O que você acha que as pessoas não sabem sobre essa região e deveriam saber?

O povo não conhece o Semiárido e a riqueza dessa região. Só conhecem a pobreza, a fome e desnutrição. Um total desconhecimento. O Semiárido é uma região com alta potencialidade, rico em diálogo e convivência. O diálogo e a convivência geram resiliência, que está atrelada à potencialidade. A caatinga é rica em fauna e flora. O povo acha que é só o mato esturricando e não é. Estamos tentando mudar essa imagem. Tudo o que acontece hoje é resultado das pesquisas e desenvolvimentos feitos ali. Lutamos para não ter mais famílias morrendo e passando fome. A música que é o lema da minha vida e está na minha tese de doutorado é Esquinas, do Djavan, e ela diz “sabe lá o que é não ter e ter que ter pra dar. Sabe lá o que é morrer de sede em frente ao mar”. Quando criança, eu diante da lanchonete vendo os salgadinhos, morria de sede em frente ao mar. A minha história se confunde com a dos meus agricultores.

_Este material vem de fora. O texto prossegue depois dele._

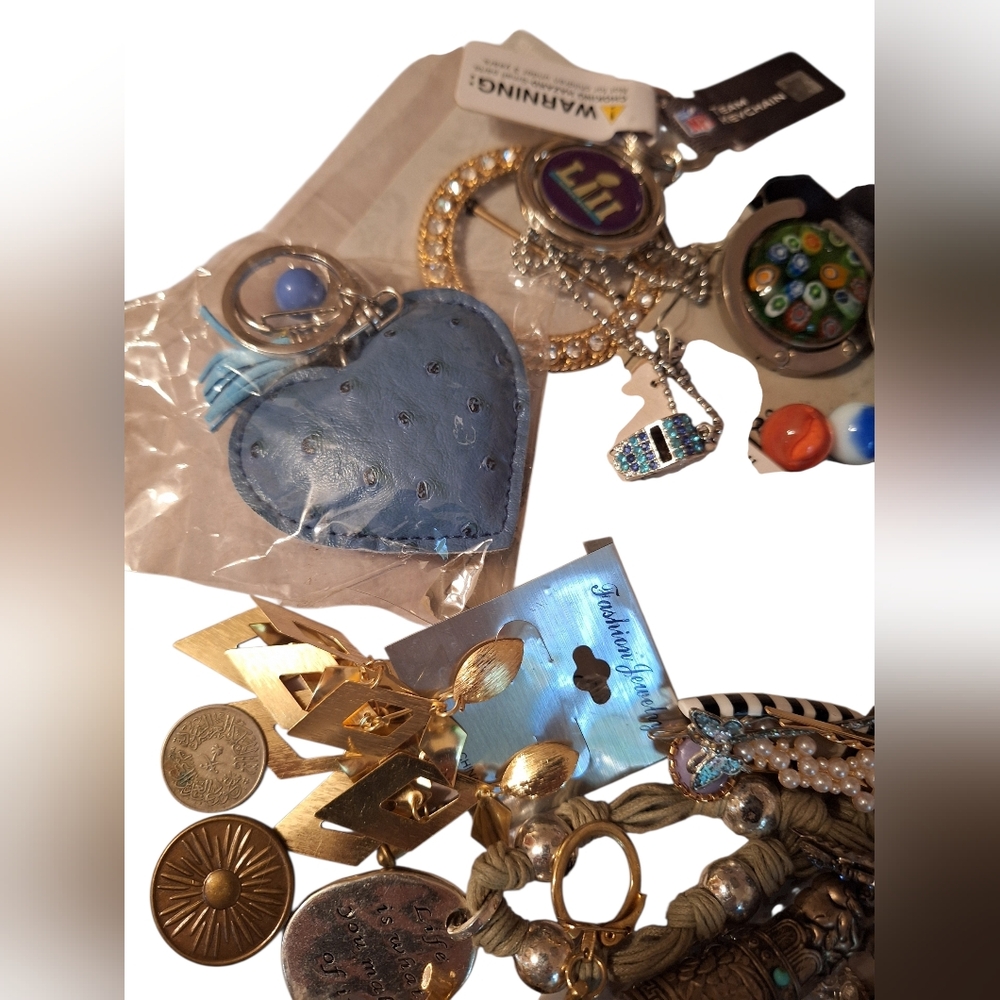 43 LOT misc bundle keyrings trinket boxes button covers buckles TREASURE HUNT - Picture 3 of 11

Qual o seu maior sonho hoje?

Ter saúde para continuar contribuindo para essas famílias. O que se fez é muito, mas ainda é muito pouco para a dimensão dos agricultores familiares. O que eu gostaria de ver é um mundo mais igual, sem fome e miséria, onde as pessoas sejam vistas com igualdade e respeito. Talvez seja uma utopia que eu não alcance, mas quem sabe nossas gerações futuras.

O que se fez é muito, mas ainda é muito pouco para a dimensão dos agricultores familiares.